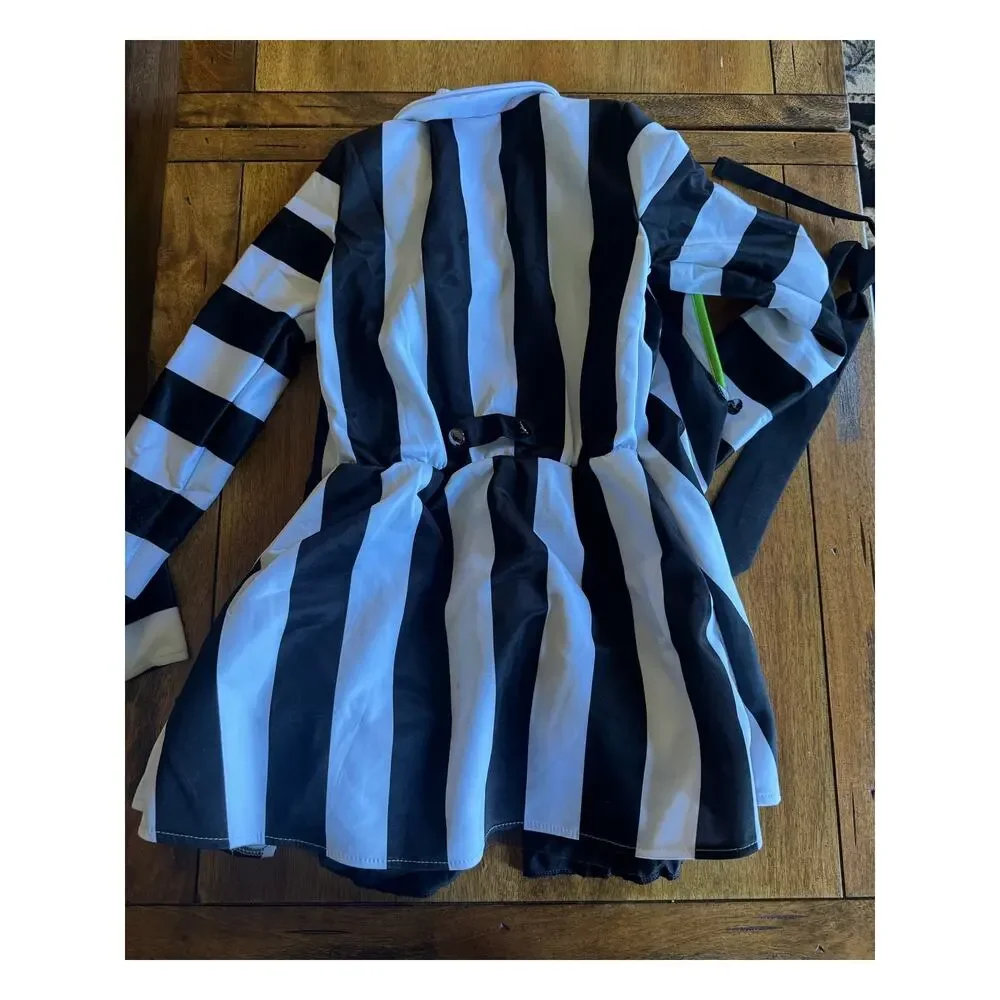 Spirit Halloween Beetlejuice Girls Costume Large 12-14 Dress Tie Missing Bow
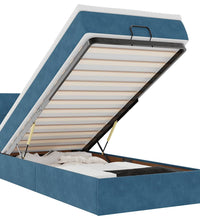 Ottoman-Bett mit Matratze & LEDs Dunkelblau 100x200 cm Samt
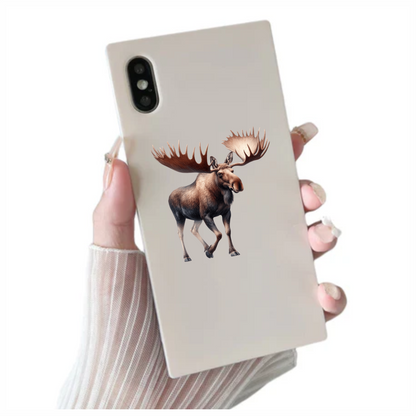 Brown Moose Large Antlers Walking Vinyl Sticker Decal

• Directions for this task
Here the job is to print all the data exactly, skipping any image.

• Exercise response
 Spirit Halloween Beetlejuice Girls Costume Large 12-14 Dress Tie Missing Bow
 Ottoman-Bett mit Matratze & LEDs Dunkelblau 100x200 cm Samt
 Brown Moose Large Antlers Walking Vinyl Sticker Decal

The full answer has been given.